Со временем у меня появлялись и свои истории, еще сильнее связавшие меня с городом. Так под сильным впечатлением от рассказа о древней традиции "поить послов" на Москве, когда те, не имея возможности отказать облеченным властью диким московитам, были вынждены напиваться вдрызг, я, находясь в состоянии оных дипломатов, во весь голос жалела американского посла, и как мне сообщили позже, жалость моя была столь велика, что моим друзьям потребовалось немало времени, чтобы заткнуть этот поток сочувствия. Кажется, меня тогда совершенно не смущал тот факт, что сия достойная традиция умерла задолго до обретения Америкой независимости и создания собственного дипломатического корпуса.
Посла мне позорно припоминали на протяжении всего первого курса.

Были и другие истории - например, о внезапной уборке в Елоховской церкви, когда бабушка-служка подрядила нас, двух студенток, на минуту заглянувших в храм, надеть халаты и взять в руки тряпки и швабры, дабы они могли вовремя убрать храм к приезду Патриарха.
Или история о том, как какой-то неудачливый художник тайком наваял мой портрет, когда мы сидели на Чистых Прудах, но так и не смог мне его продать, ибо все наши деньги были уже безнадежно пропиты. Или о том, как мы ночевали в некой реставрационной студии в подвале дома на Полянке, где засыпали среди старых туркменских халатов и кудрявых чабаньих шапок, а под утро ко мне в ботинок беспардонно залез огромный черный таракан, который, видимо, тоже являлся ярым поклонником туркменского этноса.

Многих случаев уже не вспомнишь, но самой интересной, самой захватывающей и бесконечной историей оставались мои одинокие прогулки. Я любила поздно вечером после занятий добираться из Замоскворечья до Сретенки и идти дальше, продложая полукружие бульварного кольца.
Самым любимым, странным и таинственным казался мне тогда отрезок безлюдных Петровского и Рождественского бульваров с их притихшими в вечной, словно заколдованной дреме, монастырями.

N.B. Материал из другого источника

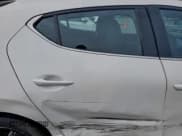 ✅ 2022 Mazda 3 Premium • VIN: JM1BPBMLXN1514556 • Lot: 94951195. Listed on Copart with 23,289 mi. Free auction sales archive from the USA and detailed vehicle history report at DreamBid. Image 11.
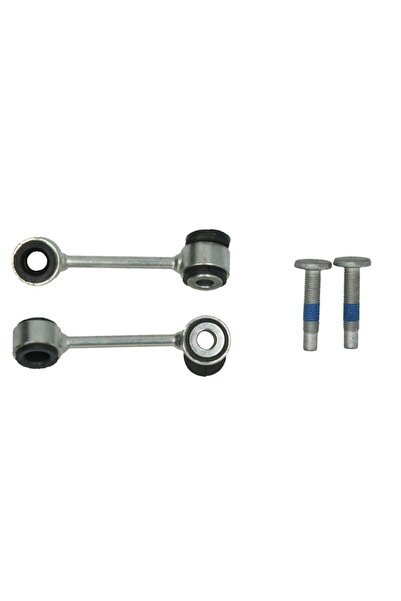 FEBI BILSTEIN Bieleta Antiruliu Brat Fata Stanga 114mm (set (pentru Osie)) Me...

Осенью и зимой, когда ночные улицы казались еще темнее и загадочней, я с замиранием сердца шла по этим бульварам к моей конечной цели, Тверской, которая своей неизменной суетой, неоном, кочующими туда и сюда толпами горожан и туристов - всем своим существованием развенчивала эту хрупкую тайну, неизбежно ставя точку в каждом моем маленьком путешествии.

Это были странные и прекрасные семь лет, которые сейчас я вспоминаю с грустью и благодарностью.
Так когда же я охладела к тебе и почему именно так закончилась наша с тобой история? В какой момент мы перестали говорить друг с другом? Когда из огромного волшебного мира ты превратился всего лишь в пространство?

Даже если ты скажешь мне, за шумом машин я не услышу ответа.
У моего города больше нет лица. В него щедро плеснули соляной кислотой все 10 миллионов живущих в нем и еще столько же приезжающих.
Нет ничего обиднее звания Мегаполис, этого современного и безликого имени, которым ты теперь зовешься по праву.

И все же, гуляя с друзьями летней ночью по твоим ярким, расцвеченным огнями центральным улицам или приходя светлым осенним днем в сквер Леси Украинки, чтобы на время исцелить наполняющее меня то болью, то светом одиночество, я порой еще слышу твой далекий, замирающий в забвении голос.